On the other hand, count()
is mainly to count the number of unique values in a column/vector:
penguins %>% count(species)
## # A tibble: 3 × 2
## species n
## <fct> <int>
## 1 Adelie 152
## 2 Chinstrap 68
## 3 Gentoo 124
This created a new tibble, that summarizes the species column by counting the number of each type of species. This works for any type of vector but is most useful with character and factor columns.

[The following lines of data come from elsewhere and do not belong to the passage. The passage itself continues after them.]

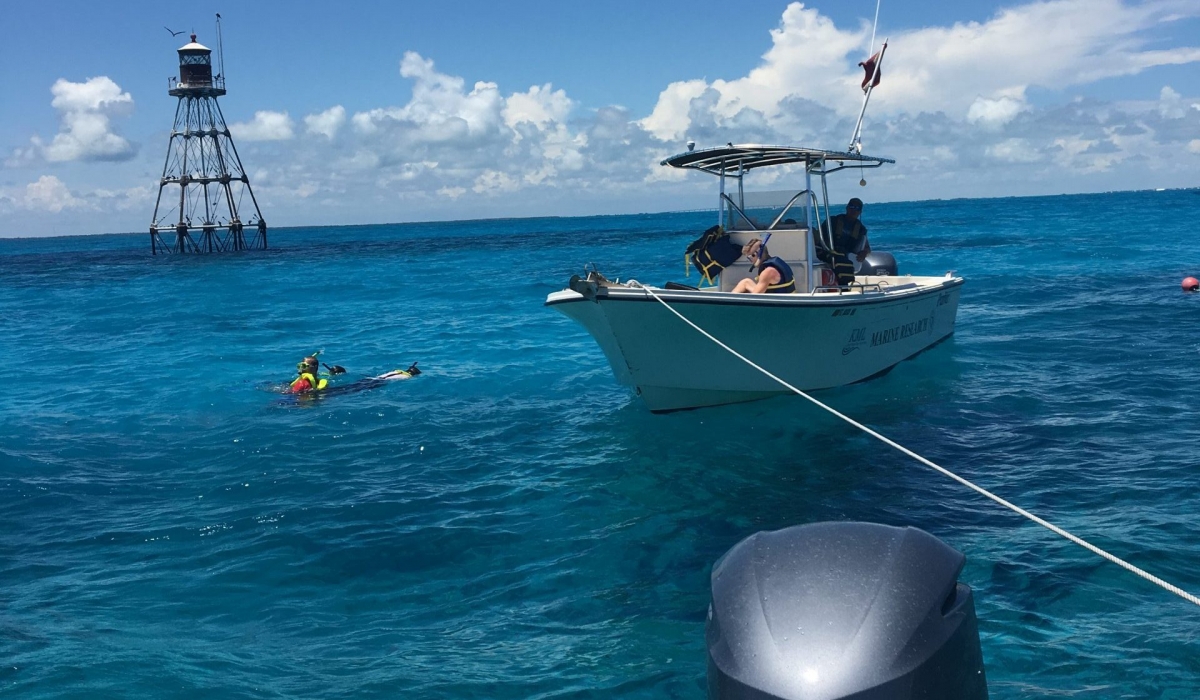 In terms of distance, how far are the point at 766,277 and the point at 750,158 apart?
246 cm

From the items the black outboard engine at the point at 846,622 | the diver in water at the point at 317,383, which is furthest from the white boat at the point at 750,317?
the black outboard engine at the point at 846,622

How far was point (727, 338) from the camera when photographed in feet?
35.7

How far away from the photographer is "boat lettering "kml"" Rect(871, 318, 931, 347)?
41.9ft

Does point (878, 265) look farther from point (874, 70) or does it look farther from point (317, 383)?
point (317, 383)

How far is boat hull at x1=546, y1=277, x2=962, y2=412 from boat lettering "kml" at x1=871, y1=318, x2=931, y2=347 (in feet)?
0.14

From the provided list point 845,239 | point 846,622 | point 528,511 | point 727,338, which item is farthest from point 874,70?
point 846,622

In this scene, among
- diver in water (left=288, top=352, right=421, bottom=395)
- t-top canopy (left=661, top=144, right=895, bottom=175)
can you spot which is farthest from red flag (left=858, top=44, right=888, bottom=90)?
diver in water (left=288, top=352, right=421, bottom=395)

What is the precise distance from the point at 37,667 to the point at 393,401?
8.45 m

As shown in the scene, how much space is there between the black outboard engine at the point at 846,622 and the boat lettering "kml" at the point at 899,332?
978 cm

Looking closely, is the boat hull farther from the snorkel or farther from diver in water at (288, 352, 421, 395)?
diver in water at (288, 352, 421, 395)

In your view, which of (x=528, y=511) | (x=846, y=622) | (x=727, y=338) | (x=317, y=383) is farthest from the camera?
(x=317, y=383)

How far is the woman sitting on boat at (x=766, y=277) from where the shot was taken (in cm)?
1102

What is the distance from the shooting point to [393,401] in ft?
46.9

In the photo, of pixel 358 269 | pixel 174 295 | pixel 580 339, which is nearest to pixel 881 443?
pixel 580 339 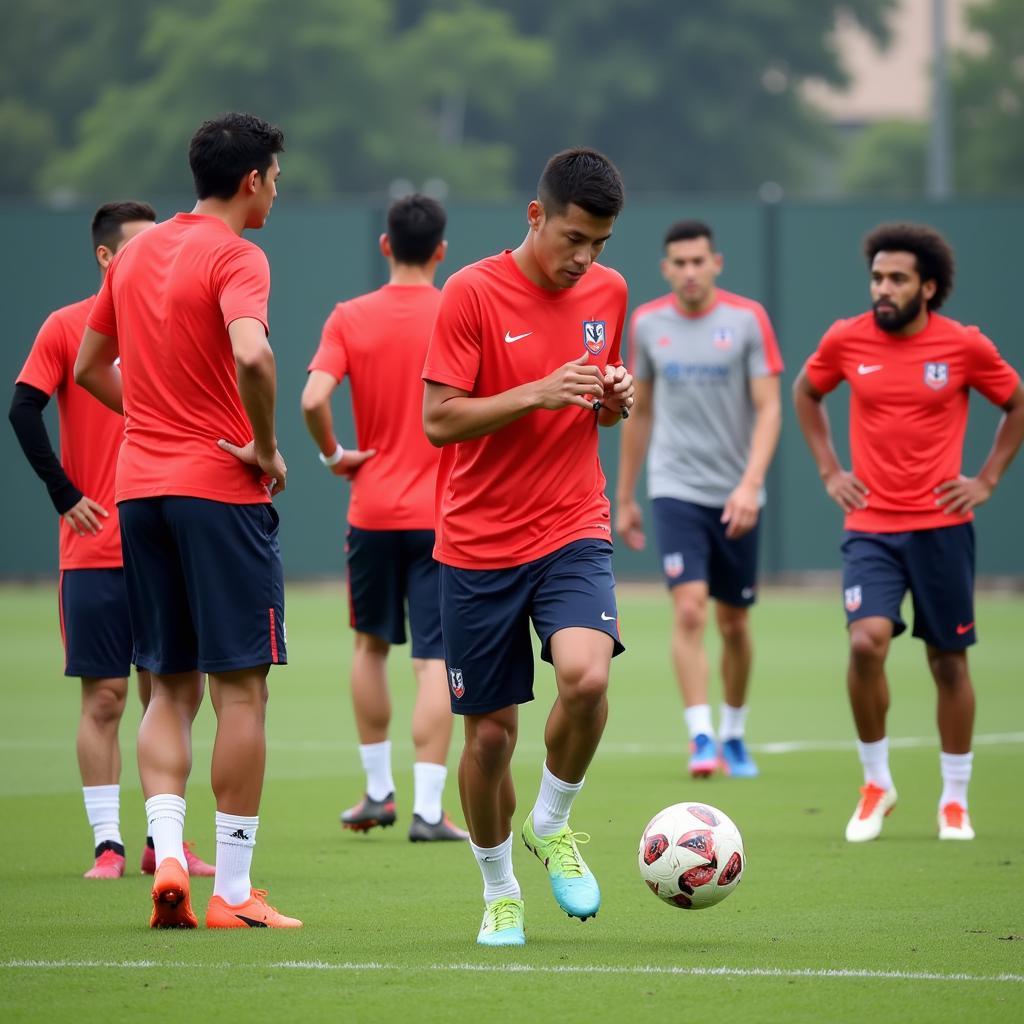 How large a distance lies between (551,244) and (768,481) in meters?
16.8

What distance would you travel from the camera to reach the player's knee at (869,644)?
8.80m

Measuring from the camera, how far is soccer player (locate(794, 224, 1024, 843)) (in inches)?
350

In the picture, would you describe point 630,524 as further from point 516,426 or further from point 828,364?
point 516,426

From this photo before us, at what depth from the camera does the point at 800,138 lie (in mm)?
61250

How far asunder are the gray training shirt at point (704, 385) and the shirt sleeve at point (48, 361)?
4166mm

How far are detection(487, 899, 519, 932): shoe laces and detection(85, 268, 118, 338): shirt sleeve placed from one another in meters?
2.28

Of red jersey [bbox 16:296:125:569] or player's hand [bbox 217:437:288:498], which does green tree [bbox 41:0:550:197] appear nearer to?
red jersey [bbox 16:296:125:569]

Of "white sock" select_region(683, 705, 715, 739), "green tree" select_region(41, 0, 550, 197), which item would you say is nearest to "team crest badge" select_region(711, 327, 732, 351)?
"white sock" select_region(683, 705, 715, 739)

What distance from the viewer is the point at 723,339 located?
37.2 feet

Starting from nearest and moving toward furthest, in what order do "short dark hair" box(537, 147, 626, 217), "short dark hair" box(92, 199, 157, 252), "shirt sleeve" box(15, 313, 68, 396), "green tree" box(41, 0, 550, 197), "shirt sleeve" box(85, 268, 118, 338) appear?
"short dark hair" box(537, 147, 626, 217)
"shirt sleeve" box(85, 268, 118, 338)
"shirt sleeve" box(15, 313, 68, 396)
"short dark hair" box(92, 199, 157, 252)
"green tree" box(41, 0, 550, 197)

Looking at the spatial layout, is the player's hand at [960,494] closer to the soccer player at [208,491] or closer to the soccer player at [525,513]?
the soccer player at [525,513]

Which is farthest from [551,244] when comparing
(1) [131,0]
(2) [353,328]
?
(1) [131,0]

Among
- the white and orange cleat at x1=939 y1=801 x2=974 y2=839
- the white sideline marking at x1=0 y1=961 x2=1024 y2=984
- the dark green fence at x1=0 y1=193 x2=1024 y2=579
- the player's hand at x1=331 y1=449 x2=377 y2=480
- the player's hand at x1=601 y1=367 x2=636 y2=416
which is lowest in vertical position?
the white sideline marking at x1=0 y1=961 x2=1024 y2=984

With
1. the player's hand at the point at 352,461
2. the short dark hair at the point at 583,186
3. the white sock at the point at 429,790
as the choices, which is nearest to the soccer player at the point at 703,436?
the player's hand at the point at 352,461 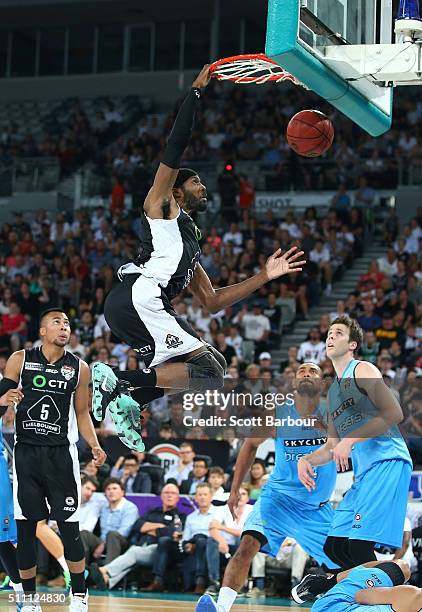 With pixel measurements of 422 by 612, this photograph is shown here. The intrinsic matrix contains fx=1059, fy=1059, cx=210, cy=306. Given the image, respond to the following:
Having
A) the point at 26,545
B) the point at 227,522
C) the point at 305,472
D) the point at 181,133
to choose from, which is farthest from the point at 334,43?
the point at 227,522

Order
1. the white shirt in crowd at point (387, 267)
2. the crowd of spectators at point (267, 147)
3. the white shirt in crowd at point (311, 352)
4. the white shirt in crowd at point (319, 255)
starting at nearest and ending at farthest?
the white shirt in crowd at point (311, 352)
the white shirt in crowd at point (387, 267)
the white shirt in crowd at point (319, 255)
the crowd of spectators at point (267, 147)

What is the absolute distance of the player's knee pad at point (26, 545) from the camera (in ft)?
28.9

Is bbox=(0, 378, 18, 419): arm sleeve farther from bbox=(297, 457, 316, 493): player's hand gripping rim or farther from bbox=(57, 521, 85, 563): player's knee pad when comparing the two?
bbox=(297, 457, 316, 493): player's hand gripping rim

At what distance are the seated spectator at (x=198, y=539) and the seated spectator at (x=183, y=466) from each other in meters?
0.50

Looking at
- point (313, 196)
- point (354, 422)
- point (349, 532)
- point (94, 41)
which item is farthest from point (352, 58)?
point (94, 41)

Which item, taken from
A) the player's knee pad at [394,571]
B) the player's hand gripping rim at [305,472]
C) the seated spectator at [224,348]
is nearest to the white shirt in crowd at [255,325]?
the seated spectator at [224,348]

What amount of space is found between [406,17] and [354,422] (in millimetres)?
3015

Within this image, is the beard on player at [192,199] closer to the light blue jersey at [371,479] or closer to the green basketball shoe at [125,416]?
the green basketball shoe at [125,416]

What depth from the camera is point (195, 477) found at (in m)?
12.1

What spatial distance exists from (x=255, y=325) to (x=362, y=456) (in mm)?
8951

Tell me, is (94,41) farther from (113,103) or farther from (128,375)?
(128,375)

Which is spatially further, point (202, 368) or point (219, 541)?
point (219, 541)

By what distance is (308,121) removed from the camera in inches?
325

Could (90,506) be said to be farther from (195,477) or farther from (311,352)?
(311,352) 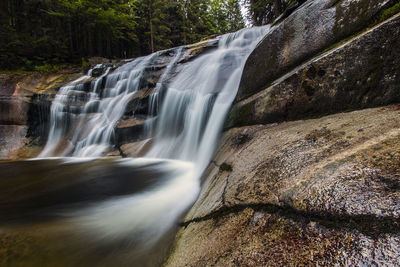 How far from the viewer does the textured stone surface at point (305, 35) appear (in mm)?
2183

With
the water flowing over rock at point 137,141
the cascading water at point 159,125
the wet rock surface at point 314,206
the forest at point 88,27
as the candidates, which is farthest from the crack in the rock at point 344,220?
the forest at point 88,27

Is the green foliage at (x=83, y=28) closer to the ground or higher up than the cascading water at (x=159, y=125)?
higher up

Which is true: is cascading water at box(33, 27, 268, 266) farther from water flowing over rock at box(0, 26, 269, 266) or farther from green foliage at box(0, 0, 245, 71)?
green foliage at box(0, 0, 245, 71)

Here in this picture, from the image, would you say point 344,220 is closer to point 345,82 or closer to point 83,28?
point 345,82

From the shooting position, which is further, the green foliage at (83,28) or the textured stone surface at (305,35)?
the green foliage at (83,28)

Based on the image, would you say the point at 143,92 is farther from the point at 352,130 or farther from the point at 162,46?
the point at 162,46

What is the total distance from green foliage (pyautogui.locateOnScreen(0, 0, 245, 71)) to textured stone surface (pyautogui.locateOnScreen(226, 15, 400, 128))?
1516 cm

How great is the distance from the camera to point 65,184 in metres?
3.64

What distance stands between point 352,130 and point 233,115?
7.57 feet

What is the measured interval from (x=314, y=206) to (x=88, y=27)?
21.3m

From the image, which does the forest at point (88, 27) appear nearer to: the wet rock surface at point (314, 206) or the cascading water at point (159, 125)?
the cascading water at point (159, 125)

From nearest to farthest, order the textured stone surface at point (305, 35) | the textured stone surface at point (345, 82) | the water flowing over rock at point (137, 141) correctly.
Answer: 1. the textured stone surface at point (345, 82)
2. the textured stone surface at point (305, 35)
3. the water flowing over rock at point (137, 141)

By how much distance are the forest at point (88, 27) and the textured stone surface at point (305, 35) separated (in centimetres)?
1104

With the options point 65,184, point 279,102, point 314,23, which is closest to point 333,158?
point 279,102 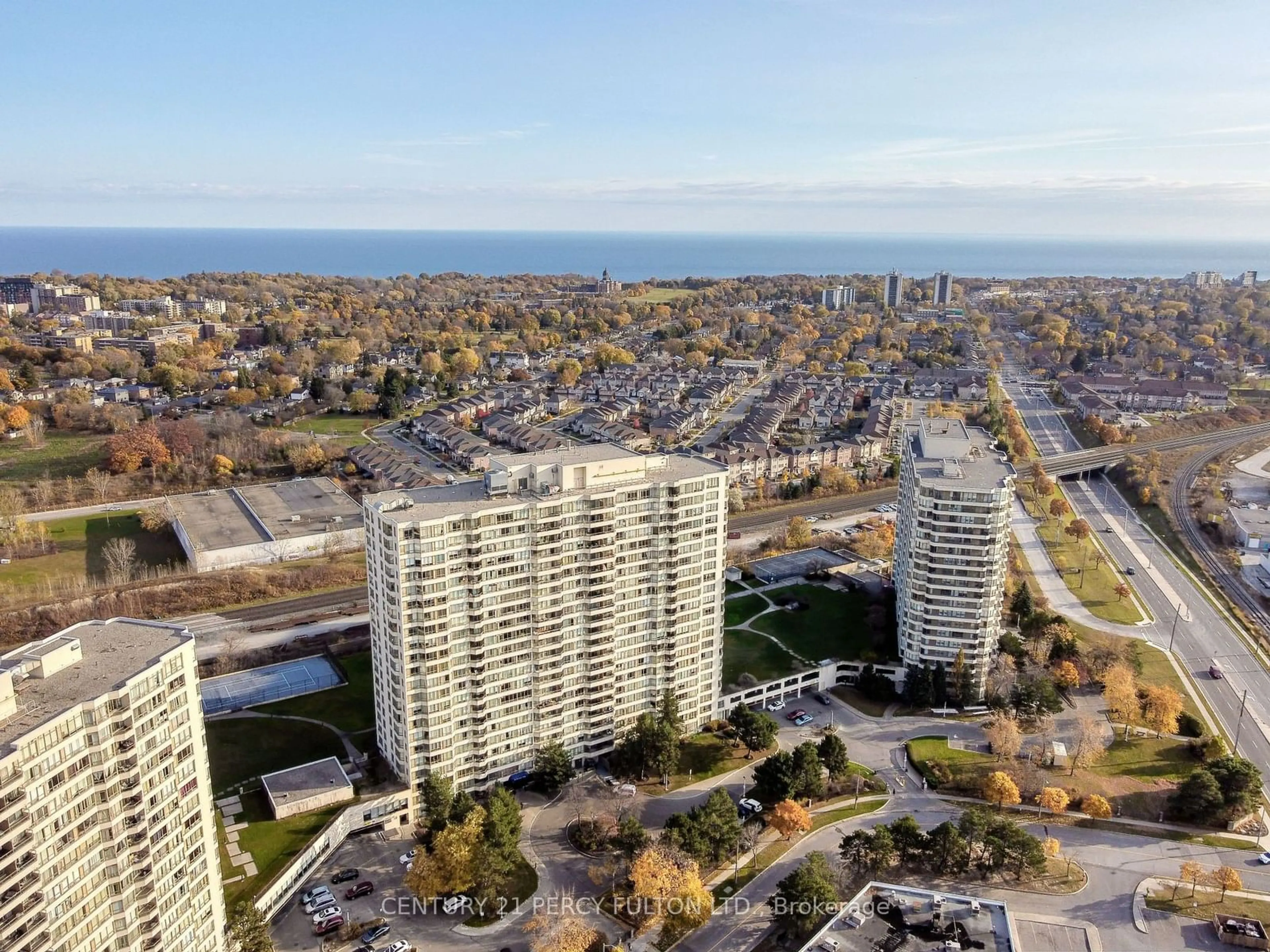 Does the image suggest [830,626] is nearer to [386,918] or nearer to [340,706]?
[340,706]

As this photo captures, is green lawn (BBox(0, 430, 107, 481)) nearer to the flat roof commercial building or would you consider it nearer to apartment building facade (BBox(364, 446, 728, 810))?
the flat roof commercial building

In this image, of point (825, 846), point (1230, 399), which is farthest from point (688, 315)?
point (825, 846)

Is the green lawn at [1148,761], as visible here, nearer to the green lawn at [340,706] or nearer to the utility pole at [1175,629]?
the utility pole at [1175,629]

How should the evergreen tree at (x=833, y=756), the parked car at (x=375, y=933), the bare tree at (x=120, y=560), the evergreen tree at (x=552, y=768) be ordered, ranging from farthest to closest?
the bare tree at (x=120, y=560) < the evergreen tree at (x=833, y=756) < the evergreen tree at (x=552, y=768) < the parked car at (x=375, y=933)

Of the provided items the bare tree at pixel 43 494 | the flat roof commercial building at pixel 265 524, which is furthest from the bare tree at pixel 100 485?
the flat roof commercial building at pixel 265 524

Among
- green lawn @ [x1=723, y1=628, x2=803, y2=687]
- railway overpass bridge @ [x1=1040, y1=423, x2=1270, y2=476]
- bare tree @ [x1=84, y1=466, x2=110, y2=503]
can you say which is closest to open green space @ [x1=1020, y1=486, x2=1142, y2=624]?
railway overpass bridge @ [x1=1040, y1=423, x2=1270, y2=476] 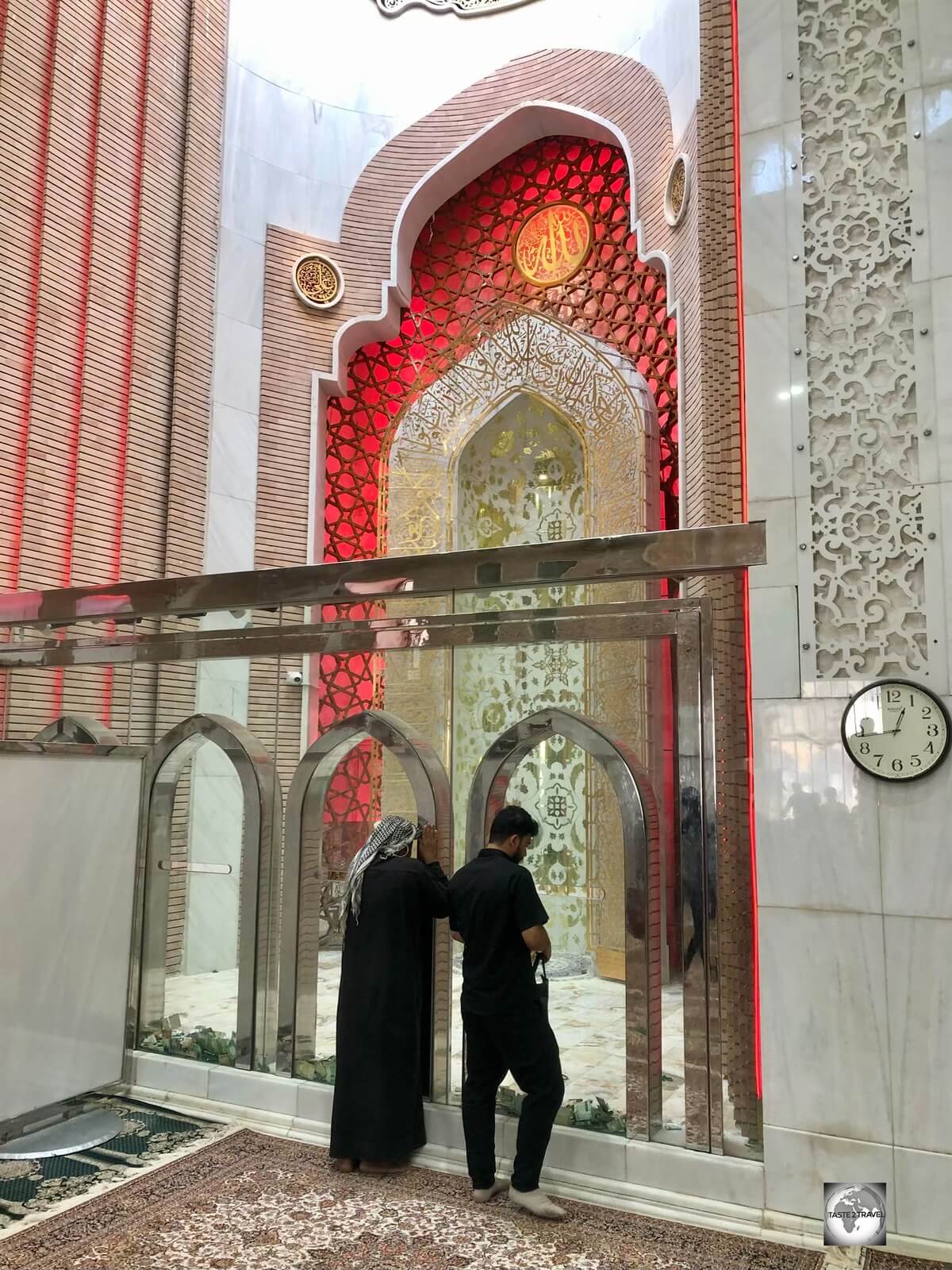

You can also use multiple columns here to see all possible combinations:
penguins %>% count(species, year)
## # A tibble: 9 × 3
## species year n
## <fct> <int> <int>
## 1 Adelie 2007 50
## 2 Adelie 2008 50
## 3 Adelie 2009 52
## 4 Chinstrap 2007 26
## 5 Chinstrap 2008 18
## 6 Chinstrap 2009 24
## 7 Gentoo 2007 34
## 8 Gentoo 2008 46
## 9 Gentoo 2009 44
Clearest Points
filter, select, arrange, pipes
Super! I want to take the time to mention (and hopefully not confuse everyone) that the pipe has recently (2021) been integrated into “base R”, that is, it’s loaded without loading the tidyverse package. HOWEVER it is this symbol |>
and does not behave exactly like the tidyverse pipe %>%
(actually from the magrittr
package within the tidyverse
package). For all the usual uses it works the same, so it could be used interchangeably in this class. Just know that if you see that type of pipe being used, assume it’s doing basically the same thing. Even R for Data Science is likely moving to use the native/base pipe, see this explanation. Probably next year’s class I will switch everything over to use this, though I still just use %>%
in my own work as it’s slightly more flexible for more “advanced” usage.
penguins |> count(species, year)
## # A tibble: 9 × 3
## species year n
## <fct> <int> <int>
## 1 Adelie 2007 50
## 2 Adelie 2008 50
## 3 Adelie 2009 52
## 4 Chinstrap 2007 26
## 5 Chinstrap 2008 18
## 6 Chinstrap 2009 24
## 7 Gentoo 2007 34
## 8 Gentoo 2008 46
## 9 Gentoo 2009 44
Other messages
Density ridges are cool!
I agree!